Erstes deutsches WM-Duell
Ein Millionenpublikum verfolgte in Deutschland das erste deutsche Duell bei einer Darts-Weltmeisterschaft am TV und im Internet (siehe Infobox). Sogar die Engländer waren fasziniert von der Partie. „Das war ein unglaubliches Spiel von den beiden. Es war brillant und sehr spannend. Das war Werbung für Darts in Deutschland“, sagte der ehemalige englische Weltklasse-Spieler und jetzige TV-Experte Wayne Mardle.
Nico Kurz war nach der Partie schnell wieder gefasst: „Am Ende hat Gaga besser gespielt und auch verdient gewonnen.“
Clemens lobte seinen Gegner: „Ich weiß ganz genau, dass es auch hätte anders ausgehen, wenn Nico noch mal aufgedreht hätte.
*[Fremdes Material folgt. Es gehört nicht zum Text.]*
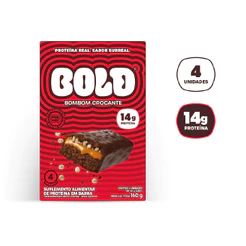 Bold Barra de Proteina Bombom Crocante 14g Kit com 4 Unidades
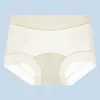 Calzones de Seda Helada de Cintura Media para Mujer, Refuerzo de Seda, Antibacterianos, Levanta Glúteos, Sin Costuras, Ultradelgados, Transpirables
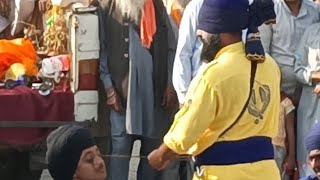 Waheguru da Khalsa 🙏akhan ban k surma ponda hoya sikh sikh khalsa gatka viralvideo waheguru [upl. by Whorton367]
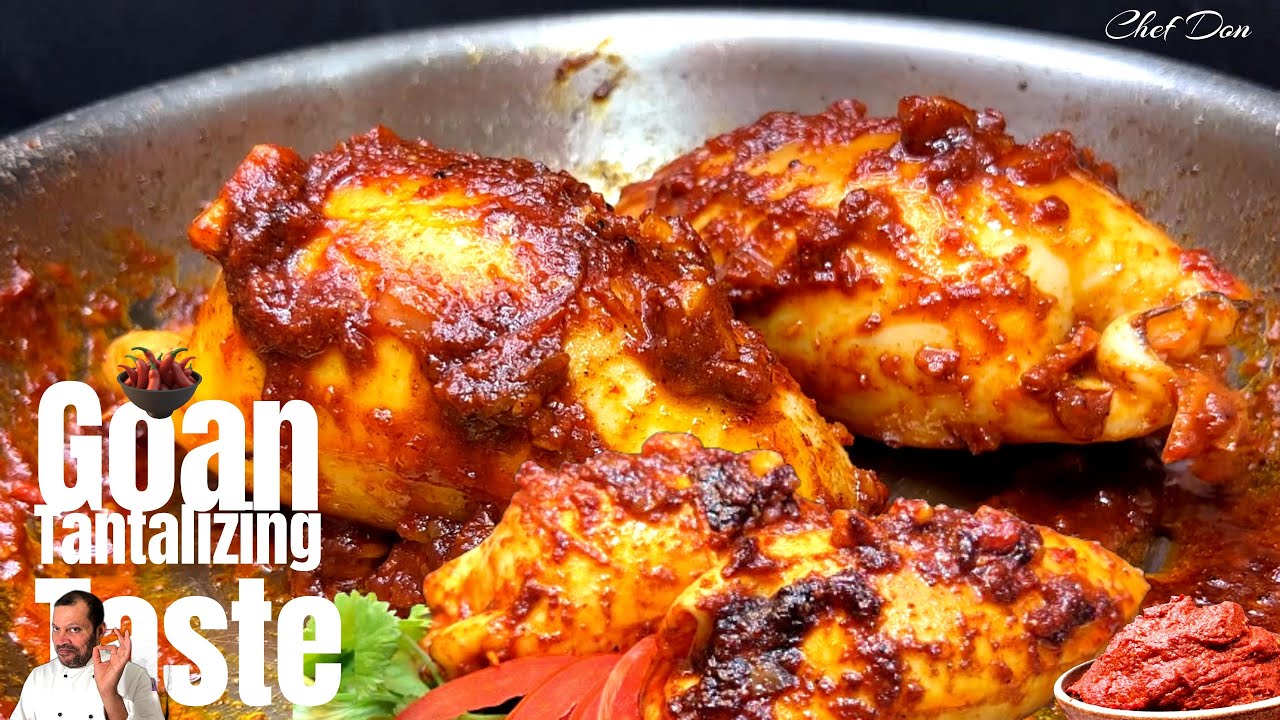 Goan Stuffed Squid with Spicy Recheado Masala | Viral Recipe by Chef Don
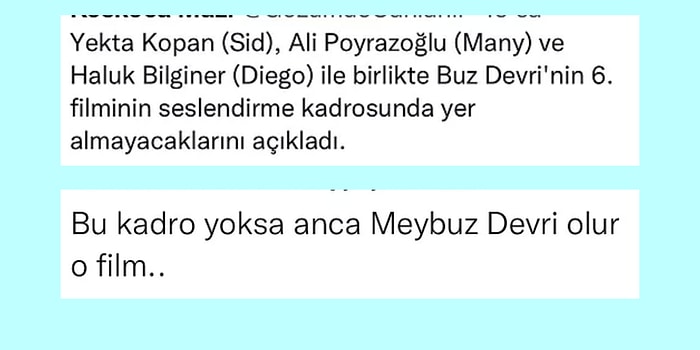 Buz Devri Seslendirme Kadrosunun Dağılmasından Plank Yapmanın Zorluklarına Son 24 Saatin Viral Tweetleri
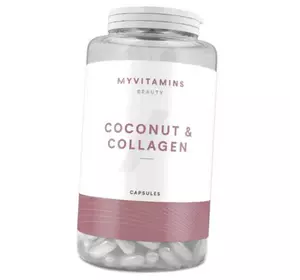 Коллаген с Кокосововым маслом, Coconut & Collagen, MyProtein  180капс (68121005)
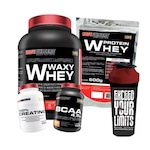 Kit Whey Protein Bodybuilders Chocolate - 900g + Whey Protein + Bcaa + Creatina + Coqueteleira Nao Se Aplica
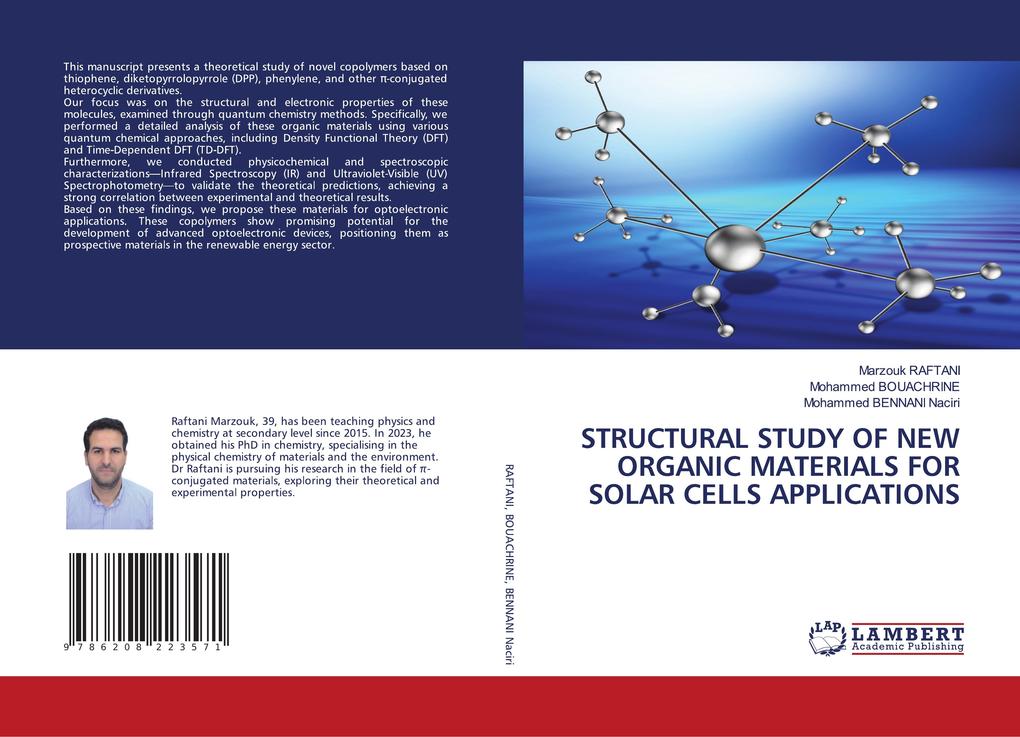 STRUCTURAL STUDY OF NEW ORGANIC MATERIALS FOR SOLAR CELLS APPLICATIONS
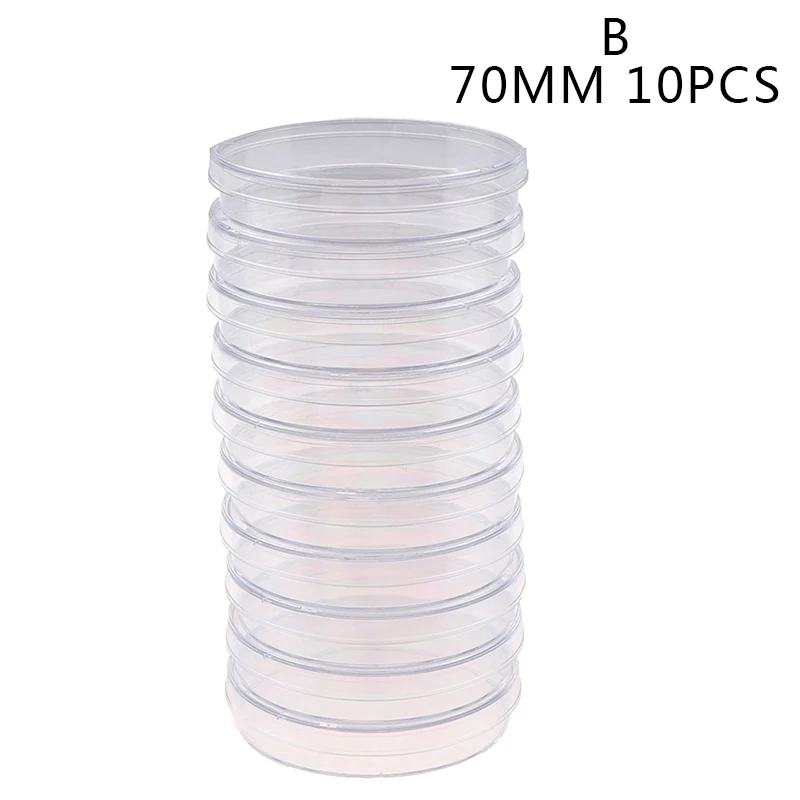 10Pcs 70mm Polystyrene Sterile Petri Dishes Bacteria Culture Dish for Laboratory Medical Biological Scientific Lab Supplies |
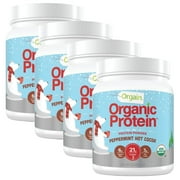 Orgain - Organic Vegan, Non-GMO Plant Based Protein Powder - Peppermint Hot Chocolate (4.08 LB)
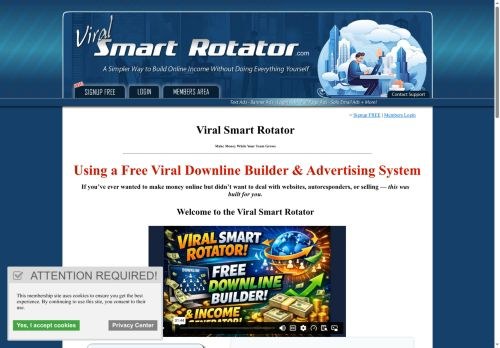 SEO analysis preview of viralsmartrotator.com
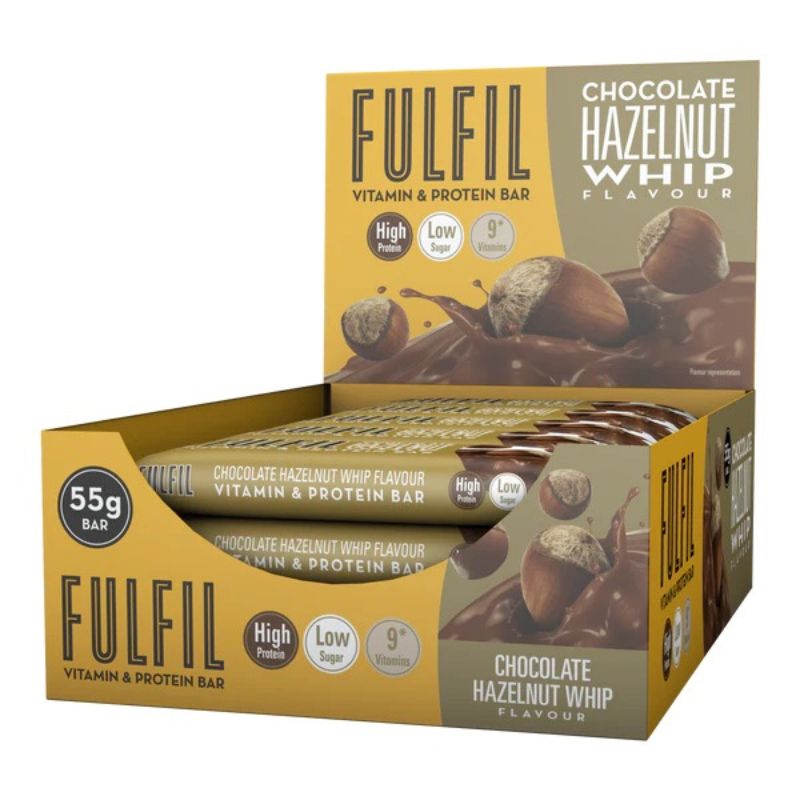 Fulfil Vitamin und Proteinriegel 12x55g BOX Chocolate Hazelnut Whip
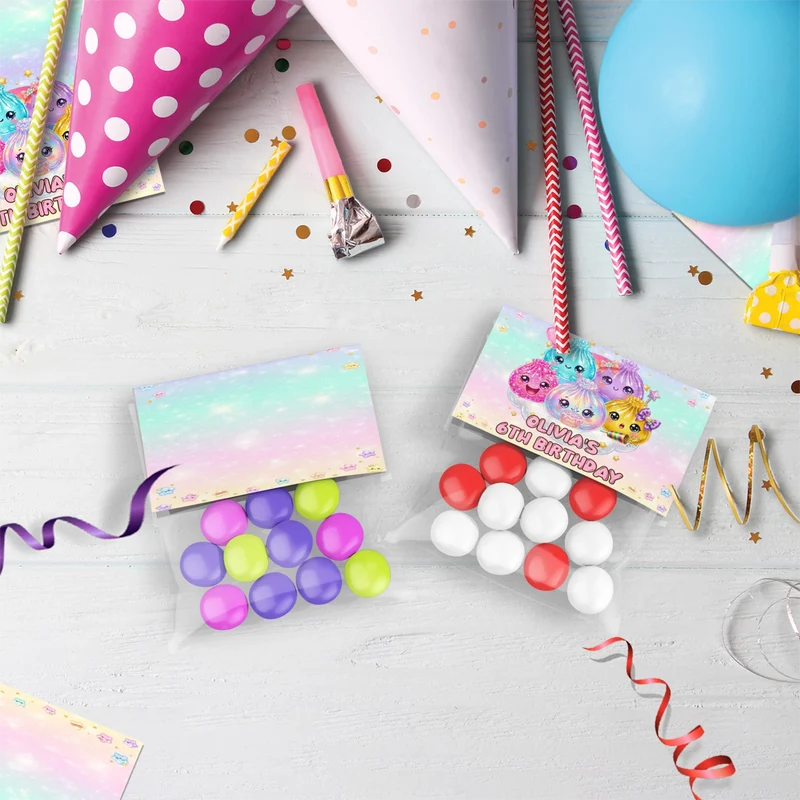 Mystery Box Birthday Decorations, Squishy Toy Party Supplies, Glitter Dumpling Themed, Viral kids toy Digital Template, Editable Glitter Dumpling Image SVG PNG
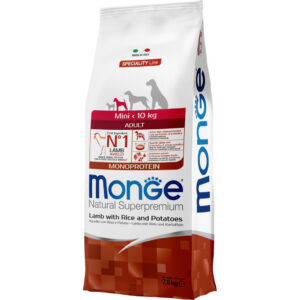 Monge Speciality Line Dog Mini Adult Monoprotein Lamb with Rice & Potatoes Monge Speciality Line Dog Mini Adult Monoprotein Lamb with Rice & Potatoes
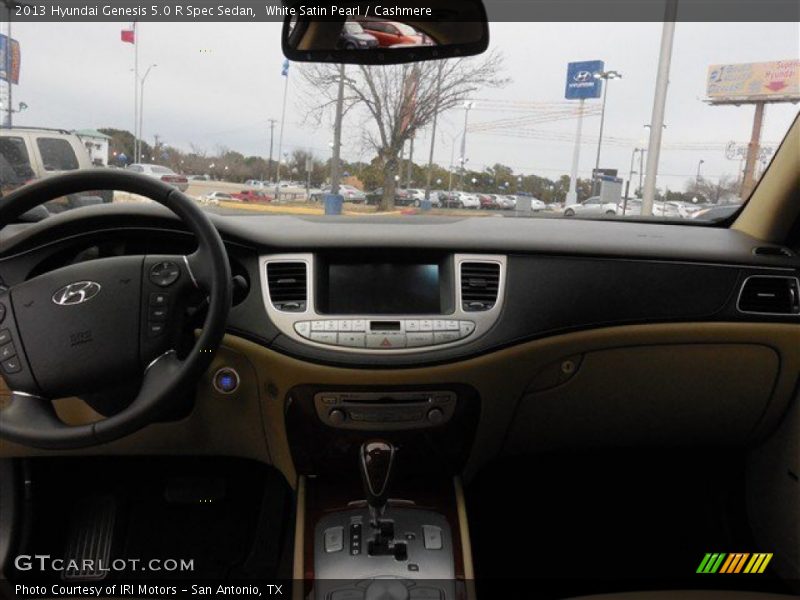 White Satin Pearl / Cashmere 2013 Hyundai Genesis 5.0 R Spec Sedan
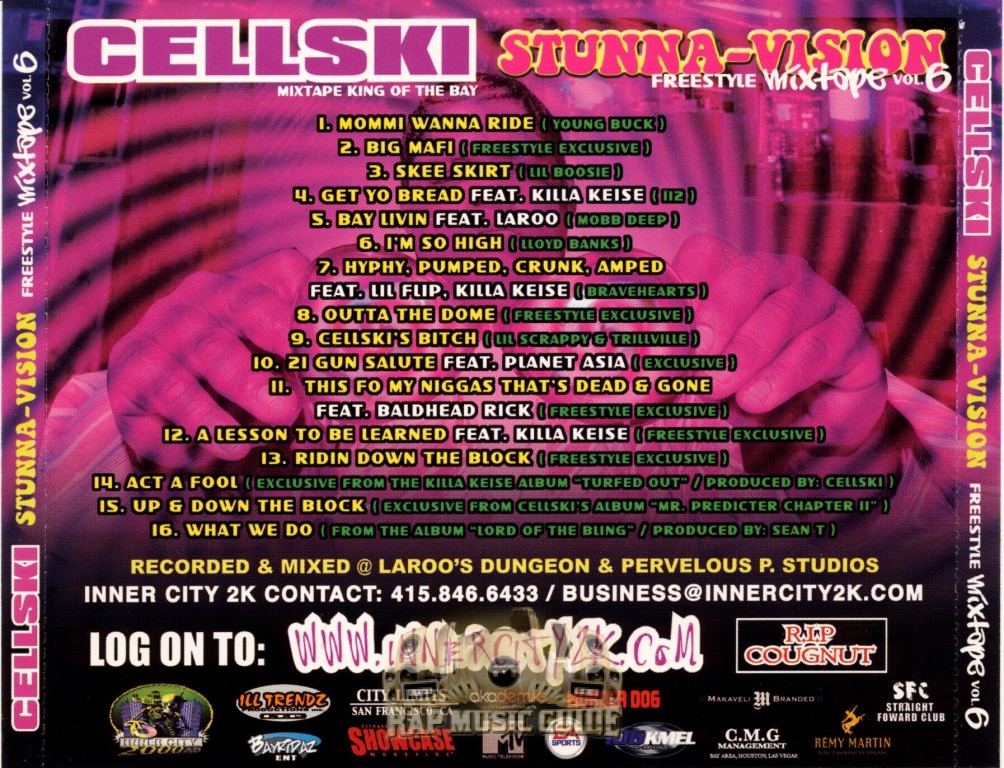 Cellski - Freestyle Mixtape Vol. 6: Stunna-Vision: CD | Rap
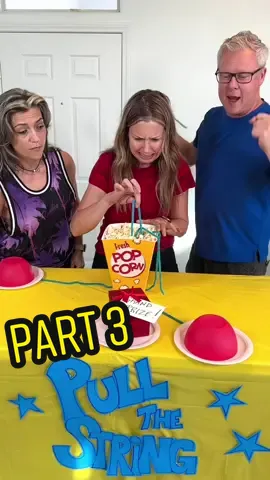 Pull the String fun family game Part 3 #fyp #game #partygame #viral #foryou #tiktok #forfun #fun 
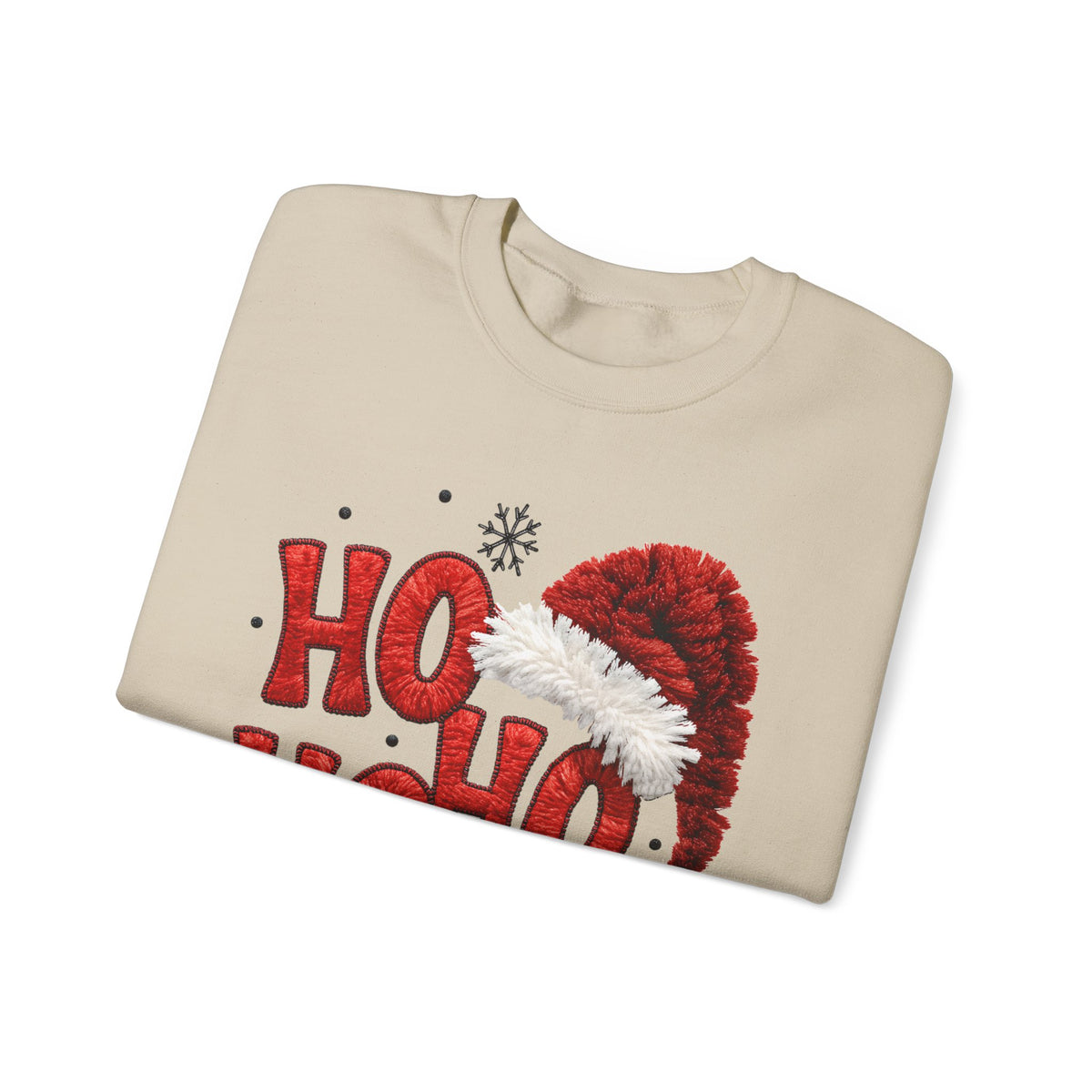 Yarn Look Crochet Santa Sweatshirt,  Viral Faux Latch Hook Christmas Shirt, Cute Holiday Sweater, Plus Size Available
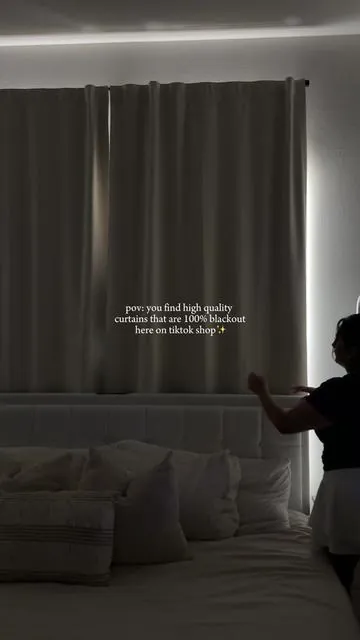 Sucks i cant sleep in anymore🥴😫 but when i need to take a nap in the middle of the day i can with these blackout curtains🥰 #blackout #blackoutcurtain #curtains #highend #highquality #home #homedecor #homeimprovement #fypシ゚viral #fy 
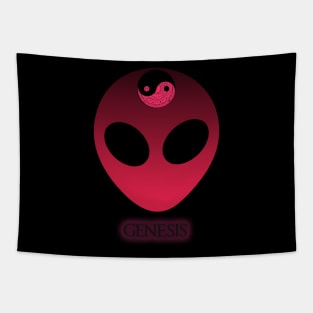 Genesis Streetwear -  Alien Red Head Tapestry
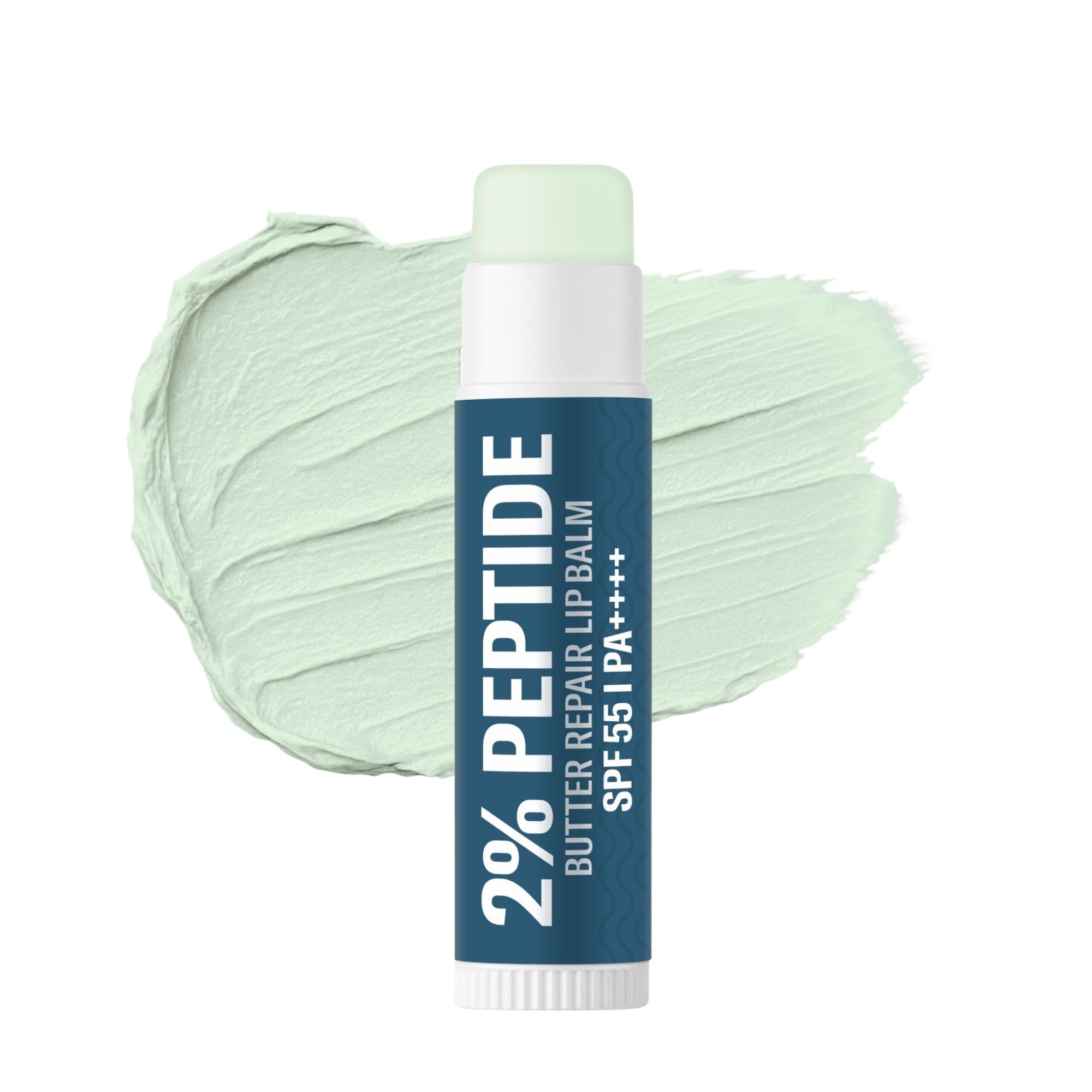 BAKE 2% Peptide + Ceramide Butter Brightening Lip Balm SPF 55 PA++++ with 24 Hour Moisturization, for Dark Pigmented, Dry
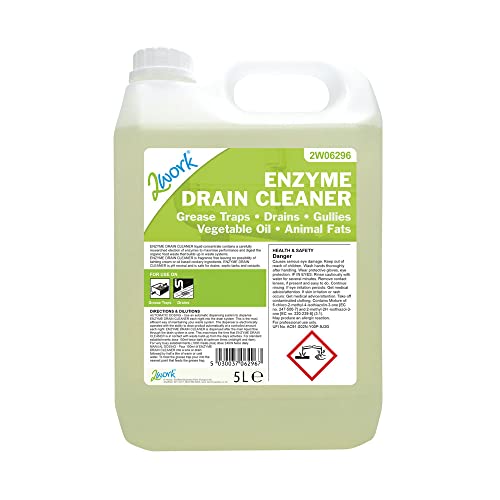 2Work Enzyme-Based Drain Cleaner 5 Litre Bulk Bottle 2W06296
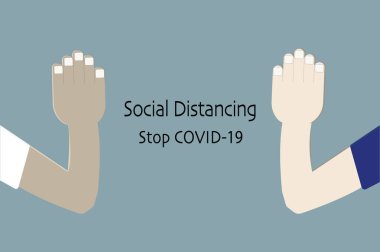 Sosyal uzaklık kavramı, Tayland Wai, Coronavirus COVID-19 salgını 2019-ncov önleme, Virüs yayılımı önleme. Karantina kavramı ölçer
Er ist ganz nah an den besten Spielern dran und ich hoffe, wir werden ihn in Zukunft öfter auf der Bühne sehen.“
Während sich Clemens mit dem Einzug in die dritte Runde 27 500 Euro sicherte, darf Kurz immerhin 16 500 Euro mit nach Hause nehmen.
Clemens spielt nun am 28. Dezember in der dritten Runde gegen den amtierenden Weltmeister Peter Wright.
Bis dahin ist er ebenso wie Kurz im Corona-Hotspot London gefangen.
Für den Ostheimer war seine zweite Weltmeisterschaft wieder ein großes Abenteuer. Bis er wieder nach Hause darf, kann er im Trainingsraum des Hotels weiter trainieren. Im Januar findet die Qualifikation zur Profitour in England statt. Nico Kurz wird mitspielen und vielleicht gelingt ihm ja der Sprung in die Profikarriere schneller, als er denkt.